Anche le imprese agricole possono costituire una “rete” tramite la quale possono condividere conoscenze, beni e risorse finalizzate all’incremento o al miglioramento della produzione. Con il pronunciamento in commento, l’Agenzia ha per prima cosa precisato che le imprese agricole costituenti una “rete”, sono destinatarie di specifiche determinazioni normative. Le imprese interessate devono rientrare nel concetto di “piccole e medie imprese nella forma giuridica di imprese individuali o associate” e devono rendere disponibili alla costituenda rete i mezzi necessari a perseguire l’auspicato aumento di competitività e di innovazione delle partecipanti. Il problema che si poneva e che è stato rappresentato all’Agenzia delle entrate, era in relazione
ai riflessi fiscali della suddivisione dei prodotti ottenuti nella produzione in comune. L’Agenzia ha precisato che per prima cosa tale possibilità deve essere specificamente indicata nell’atto costitutivo, con una disposizione che può essere così espressa: “la produzione agricola derivante dall’esercizio in comune delle attività, secondo il programma comune di rete, può essere divisa fra i contraenti in natura con l’attribuzione a ciascuno, a titolo originario, della quota di prodotto convenuta nel contratto di rete”. Possibilità che, però deve rispettare alcune condizioni:
a) le retiste devono svolgere attività agricole “pure”; se svolgono anche attività connesse, queste ultime non devono risultare prevalenti anche in termini di organizzazione. Ad esempio: impresa agricola vitivinicola ed impresa agricola
vitivinicola con cantina attrezzata per la trasformazione e successiva lavorazione delle uve e dei vini, possono costituire una rete di imprese agricole, se una delle due effettua solo la trasformazione delle uve, no;
b) la disponibilità dei terreni, anche in parte, alle attività della rete, deve essere obbligatoria e significativa, adeguata
all’uso comune;
c) la partecipazione delle retiste al raggiungimento dell’obiettivo (divisione dei prodotti ottenuti), deve essere realizzato con apporto e condivisione dei beni, mezzi, risorse umane, ecc. proporzionati alle potenzialità dei terreni disponibili, in misura equivalente tra le retiste e con espresso divieto di “monetizzare” le spettanze;
d) la divisione della produzione ottenuta con la rete, deve avvenire in proporzione al valore complessivo apportato dal singolo retista;
e) i prodotti divisi non devono essere ceduti tra i retisti.

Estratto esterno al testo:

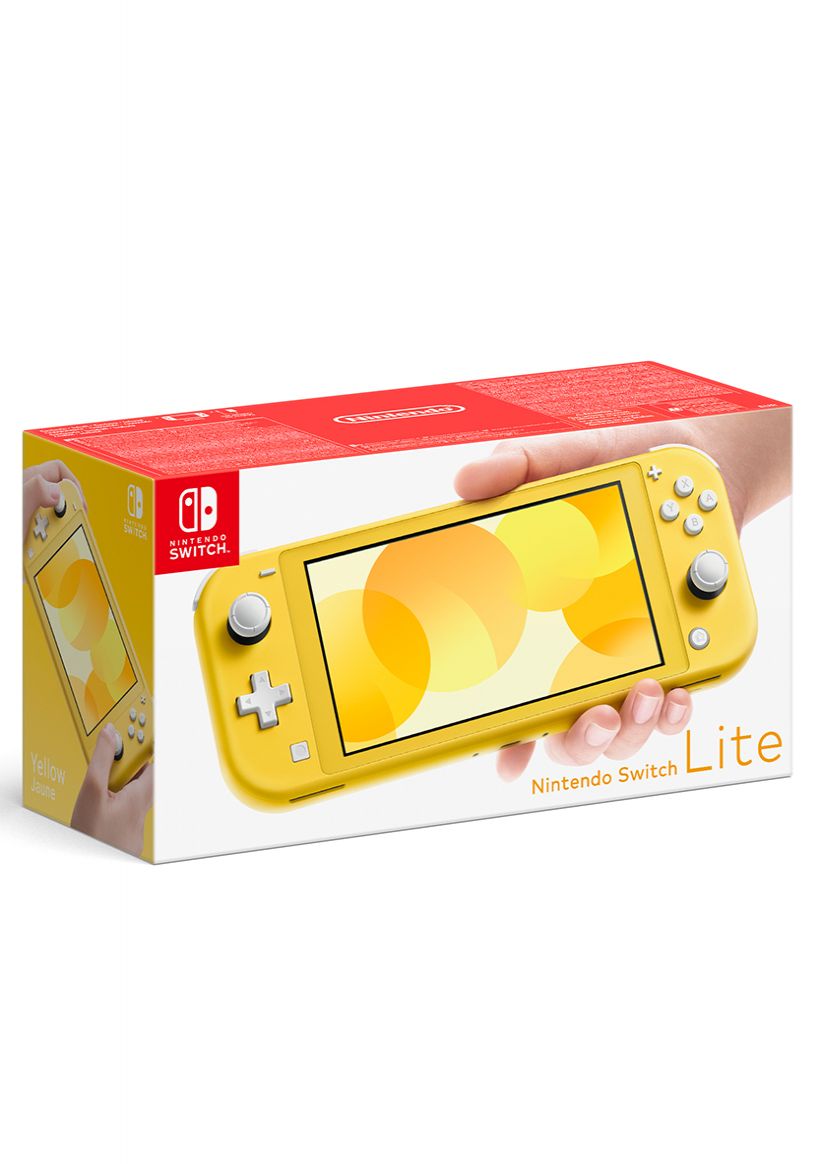 Nintendo Switch Lite: Yellow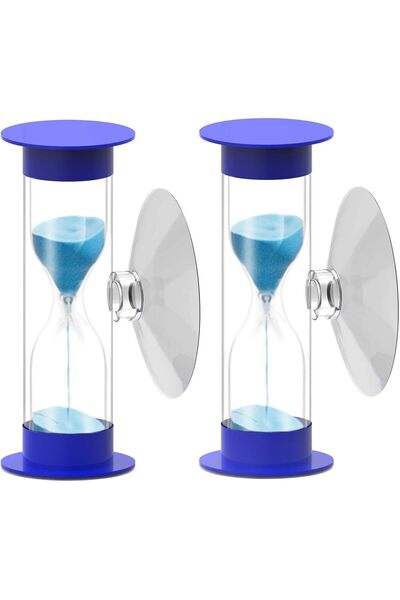 Generic Toothbrush Timer Unbreakable 2 Minute Hourglass Sand Timer with Sucti...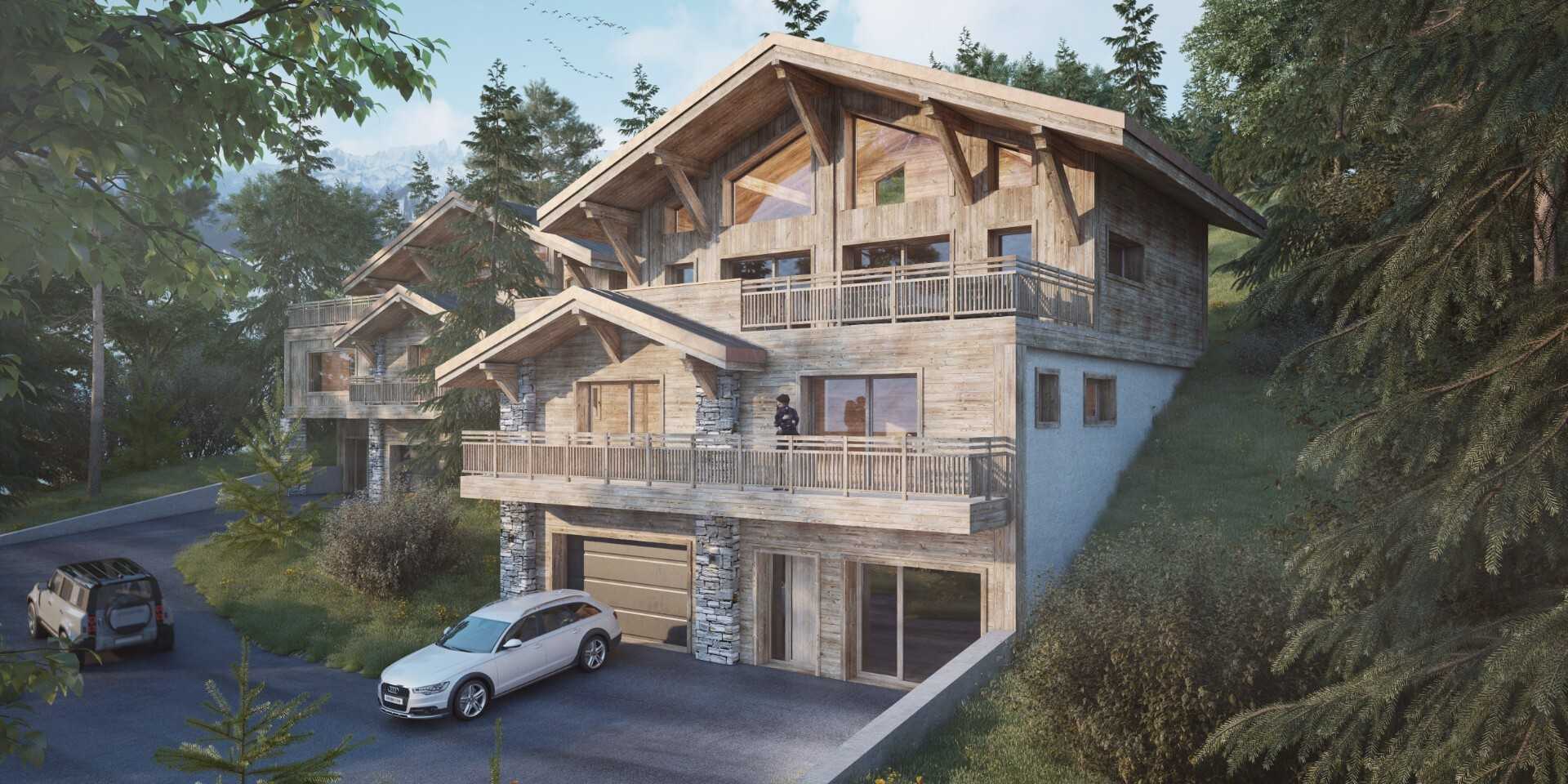 casa en Les Gets, Auvernia-Ródano-Alpes 11810901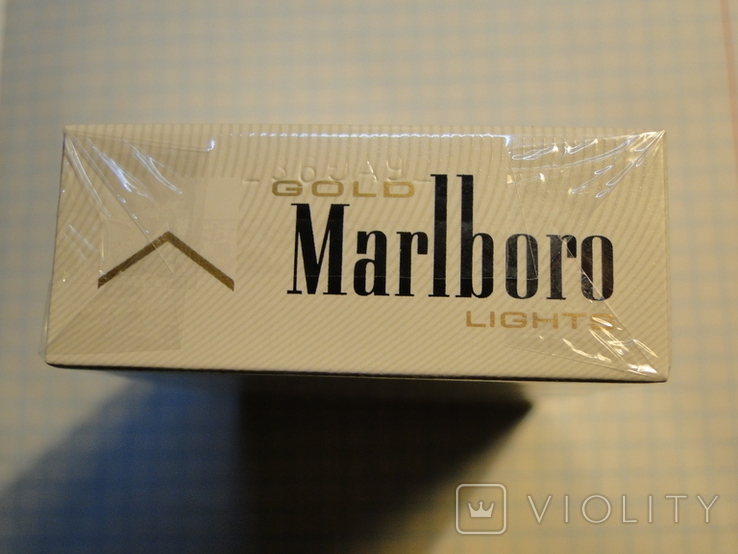 Сигареты Marlboro GOLD LIGHTS, фото №7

Rispettando i requisiti sopra esposti, all’atto della divisione dei prodotti ottenuti, l’operazione sarà esclusa da IVA, dato che non interviene alcun pagamento. All’atto della vendita del prodotto ottenuto dalla ripartizione, ogni imprenditore/retista applicherà il regime IVA, speciale o ordinario, adottato. Se tra le retiste viene individuato una
capofila ed è previsto che lo stesso dovrà effettuare la vendita della produzione complessivamente ottenuta, quanto riferibile allo stesso sarà soggetto al regime IVA adottato, per la parte di “competenza” degli altri retisti, dovrà adottare il regime ordinario. Ai fini delle imposte dirette, la somma complessiva dei redditi agrari dei terreni resi disponibili alla rete, dovrà essere suddiviso tra le retiste per quote, secondo quanto determinato nel contratto di rete.